The feeling of belonging to one or another side of a momentous conflict is so seductive and feels so natural and right. I think it is a sort of feeling of “coming home” and being “at home”. Our true home, however, the environment to which we seem best fitted, is the Stone Age, and we can never get back there.
To be blunt, there is something about being, or thinking we are, on one side of a momentous conflict that tends to make us stupid. It is so much more comfortable to feel one belongs to the Donkey Clan with its long history of standing up to (and sometimes dominating) the Elephant Clan — or vice versa belonging to the Elephant Clan etc.
Or, belonging to the clan of progress, of throwing off old prejudices or its opposite, the clan of opposition to the insane/wicked/dangerous/… direction that the world will go in if we don’t stop and look to the past. I am trying to describe both clans as they would tend to describe themselves (something rarely done), rather than trying to define both sides from within one of them.
So my “standing for the center” is a shorthand for saying I above all distrust, the standard extreme positions the place and time I live in, and would recommend this sort of critical attitude to those in other times and places.
Also, any pure and simple ideology that fails to ask, when in power, “Is this really working?” is likely to become dangerous.

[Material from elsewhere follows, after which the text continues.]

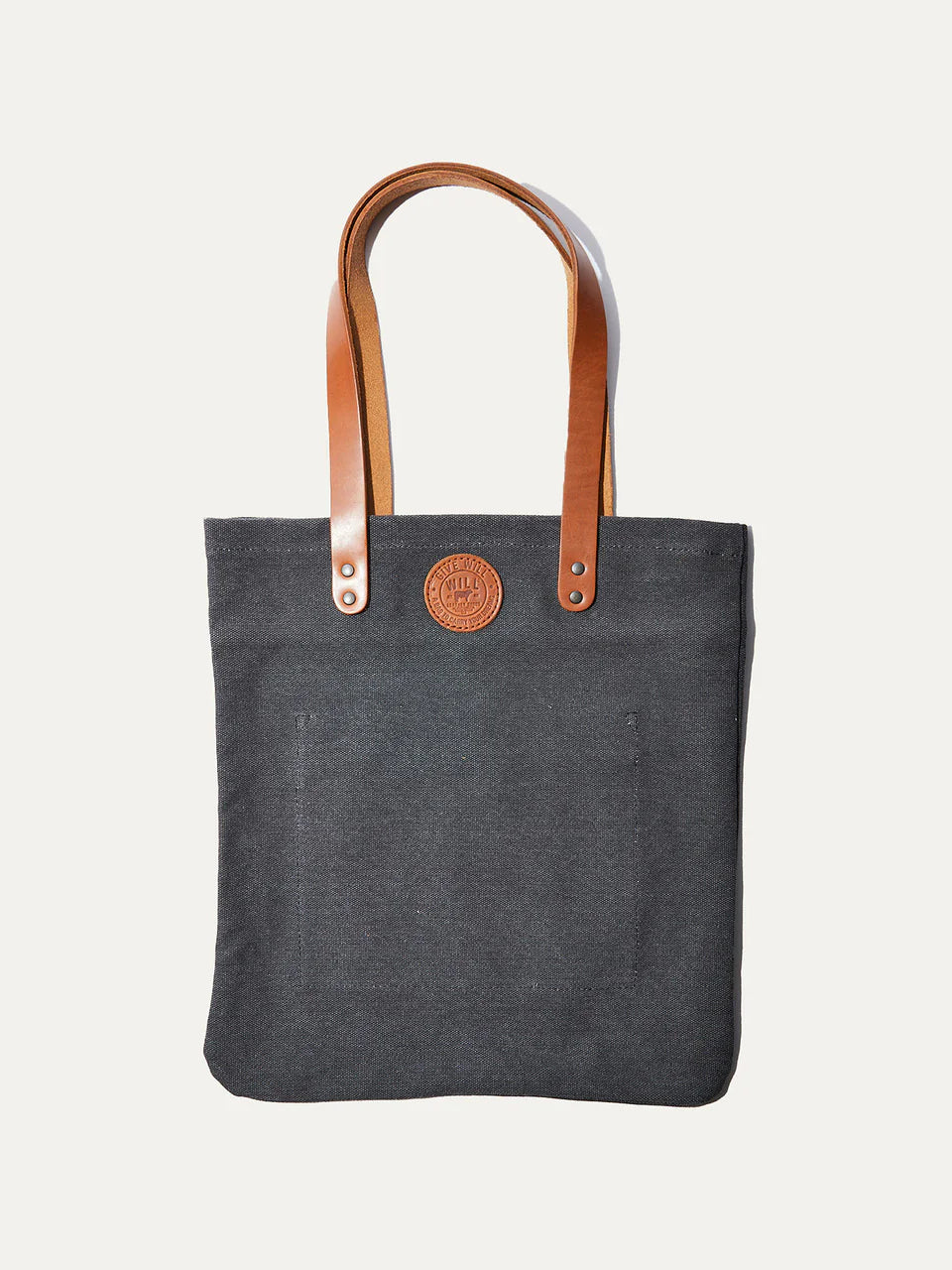 WILL GIVE WILL CANVAS TOTE BLACK 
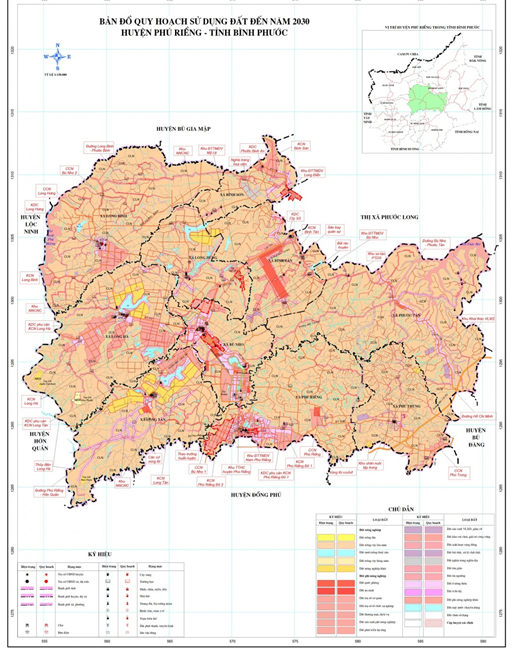 bản đồ quy hoạch sử dụng đất huyện phú riềng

So whenever we perceive ideologies tending to make people blind to reality, that is something that should be addressed with passion by my ideal radical centrist.
While I don’t believe in “triangulation” and consider it mostly a standard slander that extremists use against centrists, I do put a lot of stock in respectful argument. It may lead to mere compromise, but ideally it may also lead to the right approach for the circumstance. It is almost always safe to say that either side of any broad dichotomy can be right sometimes and wrong other times. Whether it is no taxes and shrinking government vs using government in various ways and someone having to pay for it; whether it is internationalism vs isolationism, or unilateralism vs consensus and alliance building, or freedom vs restraint, I say both sides of every pair is right some of the time, and it is when both sides tend to argue respectfully that we are most likely to see government grow when it is needed in some way, and pruned when functions that are no longer useful; to use force when appropriate and only when appropriate and to balance freedom and independence with the broadest practical spread of general well-being, and sufficiently equal opportunities to not end up with a de facto caste system.
When in place of mutual respect, there is each side demonizing the other, or the sort of “party discipline” that leads to “winner take all” government, then we get a dangerous sort of lurching back and forth between extreme options, and projects that take time and consistency to succede are started and abandoned, causing wasted time, money, and too often lives.